Description of the task | Repeat, line for line, only the span that opens at the "Star Trek #11 Direct Edition (1981)" line and closes at the final line below. Skip the pictures.

Data shown |
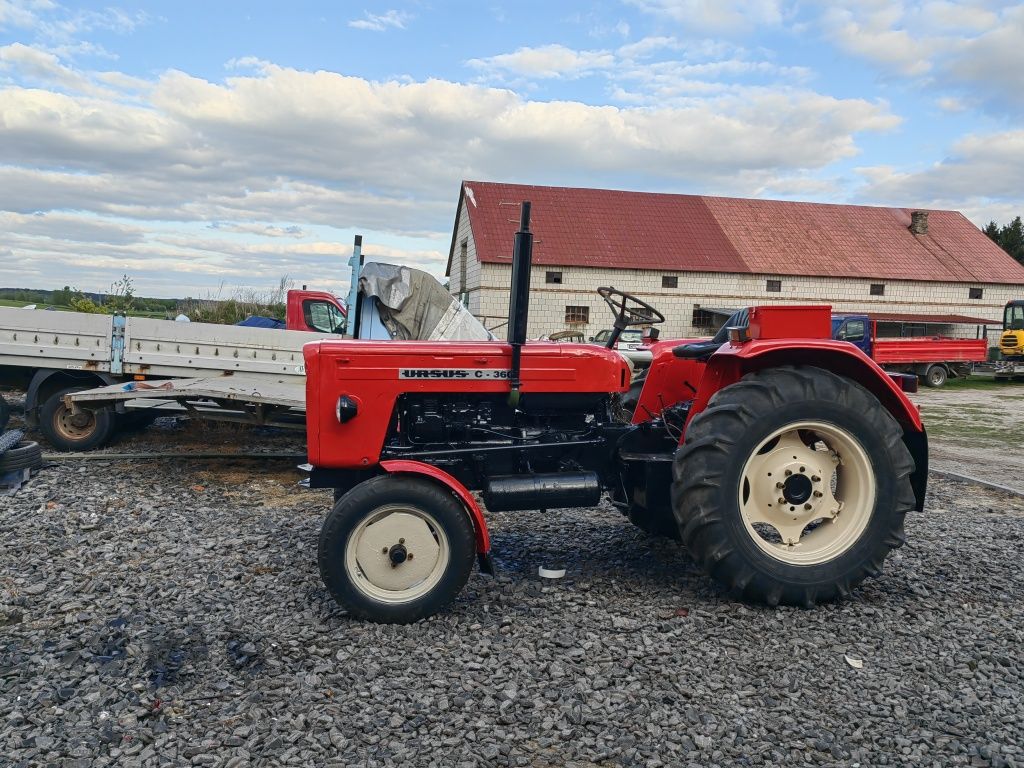 Ursus c4011/c360 sprzedam/zamienie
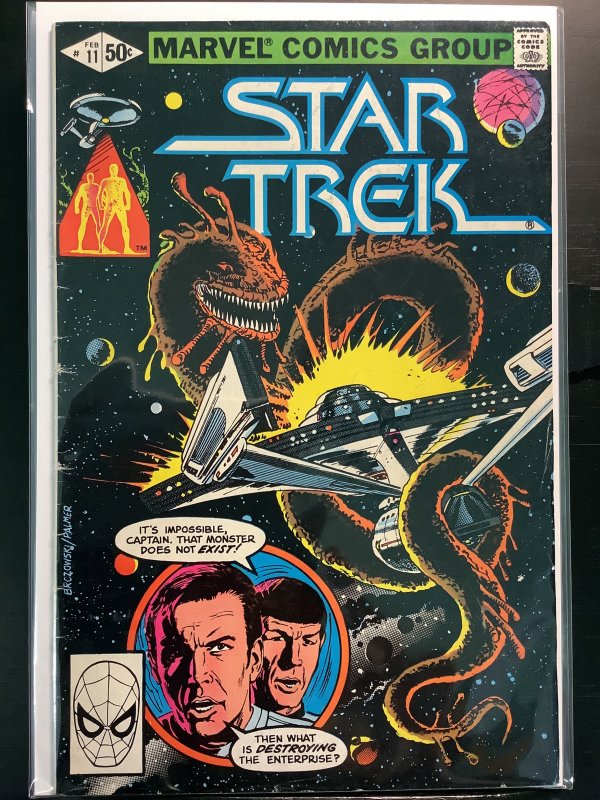 Star Trek #11 Direct Edition (1981)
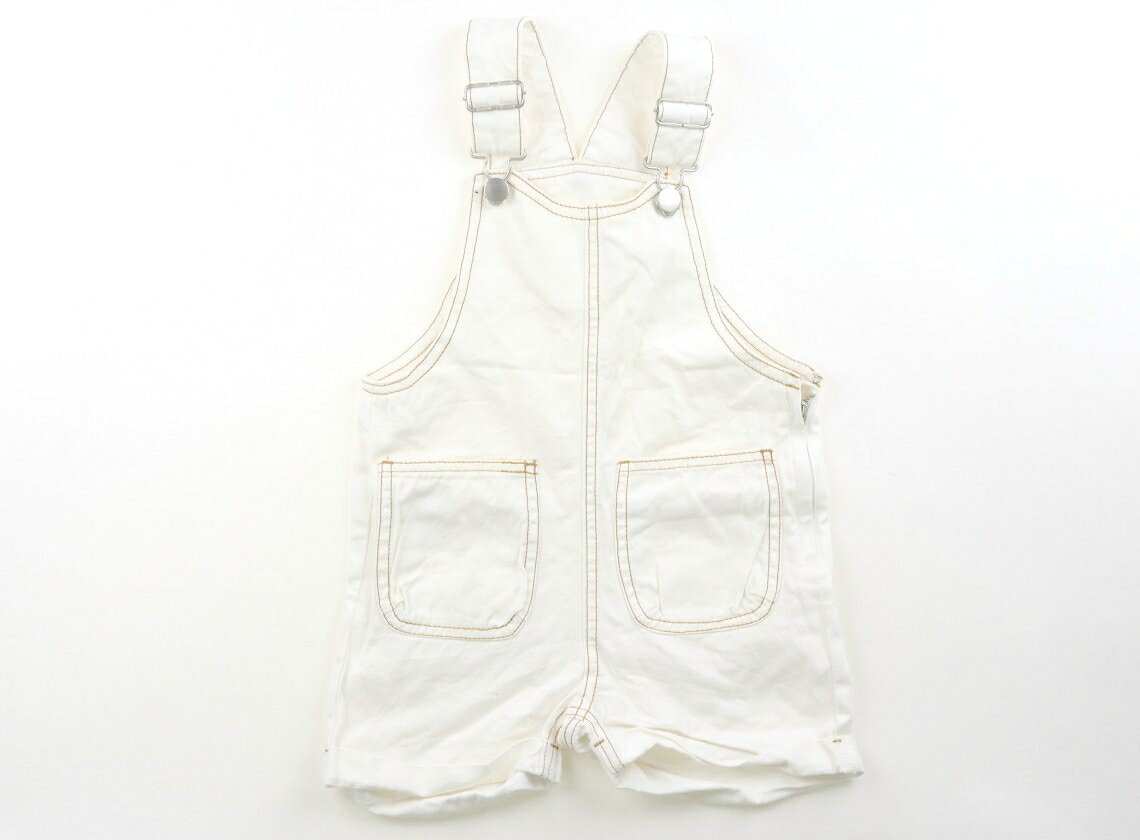 プティマイン petit main コンビネゾン 110 女の子 白 子供服 ベビー服 キッズ アウトレット ユーズド 【中古】キッズ・ベビー・マタニティ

Result below |
 Star Trek #11 Direct Edition (1981)
 プティマイン petit main コンビネゾン 110 女の子 白 子供服 ベビー服 キッズ アウトレット ユーズド 【中古】キッズ・ベビー・マタニティ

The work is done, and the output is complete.